Bug 235700

Summary: oce(4) driver causes fatal trap 12 on boot with emulex 10gbe nic
Product: Base System Reporter: Sajeev Ramasamy <thorion3006>
Component: kernAssignee: freebsd-net (Nobody) <net>
Status: Closed FIXED    
Severity: Affects Many People CC: freqlabs, hselasky, jpaetzel, ryan, venkatduvvuru.ml
Priority: --- Keywords: crash, needs-qa, patch, regression
Version: 11.2-STABLEFlags: freqlabs: mfc-stable12+
freqlabs: mfc-stable11+
Hardware: amd64   
OS: Any   
Attachments:
Description Flags
Fatal 12 error log
none
Fix panic in OCE
none
Bounds check array accesses in oce driver none

Description Sajeev Ramasamy 2019-02-12 16:19:38 UTC
Created attachment 201962 [details]
Fatal 12 error log

The new oce(4) drivers include from version 11.2 and above causes boot panic with emulex 10gbe nic. The driver included in 11.1-STABLE release works without any issues. So please kindly rollback the driver to the version included in 11.1-STABLE release.
Comment 1 Ryan Moeller 2019-02-15 18:43:29 UTC
Created attachment 202047 [details]
Fix panic in OCE

I also experienced this issue, and came up with a patch that solved the panic. That machine is currently in pieces waiting for a replacement motherboard, but I think this was the change I applied.
Comment 2 Sajeev Ramasamy 2019-02-23 11:58:20 UTC
(In reply to Ryan Moeller from comment #1)
Hey, sorry for the late reply. Thanks for your patch, but that line is no longer present in the new file.
Comment 3 Ryan Moeller 2019-02-23 19:45:04 UTC
Created attachment 202296 [details]
Bounds check array accesses in oce driver

My machine is operational again.
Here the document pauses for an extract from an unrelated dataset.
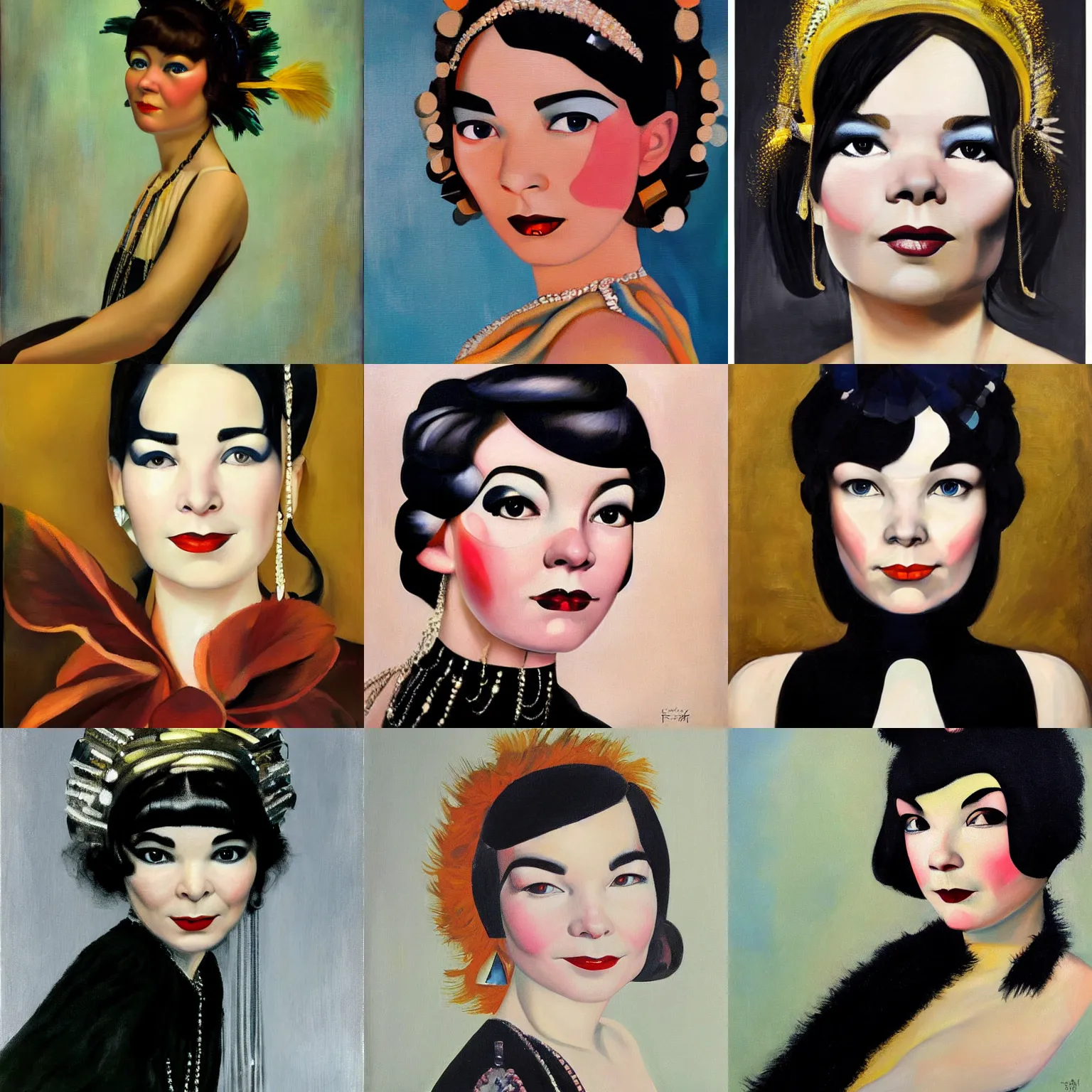Prompt: detailed, beautiful portrait of bjork's face with realistic, small eyes. bjork is dressed like a flapper. bjork painted by tamara de lempicka, 1 9 2 7.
Here is the actual patch that applies to HEAD. The same idea applies to 12 and 11 as well, though maybe on different line numbers.
Comment 4 Sajeev Ramasamy 2019-02-24 15:58:11 UTC
(In reply to Ryan Moeller from comment #3)
Hey, sorry to bother you again, but i'm not able to find those lines in 11.2-RELEASE version. https://github.com/freebsd/freebsd/blob/release/11.2.0/sys/dev/oce/oce_if.c
Comment 5 Ryan Moeller 2019-02-24 16:54:48 UTC
(In reply to Sajeev Ramasamy from comment #4)
Ah I see the confusion. Those lines are in stable/11, but not in 11.2-release.
https://github.com/freebsd/freebsd/blob/stable/11/sys/dev/oce/oce_if.c#L2392-L2395
Comment 6 Ryan Moeller freebsd_committer freebsd_triage 2021-03-30 15:06:55 UTC
Fixed in main, stable/13:

commit 3582828053556ca0e05ed9aab3e78008a0595e09
Author: Alexander Motin <mav@FreeBSD.org>
Date:   Tue May 28 18:32:04 2019 +0000

    Fix array out of bound panic introduced in r306219.
    
    As I see, different NICs in different configurations may have different
    numbers of TX and RX queues.  The code was assuming 1:1 mapping between
    event queues (interrupts) and TX/RX queues.  Since number of interrupts
    is set to maximum of TX and RX queues, when those two are different, the
    system is doomed.
    
    I have no documentation or deep knowledge about this hardware, so this
    change is based on general observations and code reading.  If some of my
    guesses are wrong, please do better.  I just confirmed HP NC550SFP NICs
    are working now.
    
    MFC after:      2 weeks
    Sponsored by:   iXsystems, Inc.

Notes:
    svn path=/head/; revision=348332

Fixed in stable/12: 24a556b1dd7481cfac036d5138bbbfa1bde832b4 (r348888)
Fixed in stable/11: a42a0b77f0de636a91f79fa2fde8a507d88b79b7
Comment 7 Ryan Moeller freebsd_committer freebsd_triage 2021-03-30 15:14:37 UTC
I'm calling this done. It's too late for any 11.x releases and it's already been shipped in 12.1 and 12.2 release and will be in 13.0 release.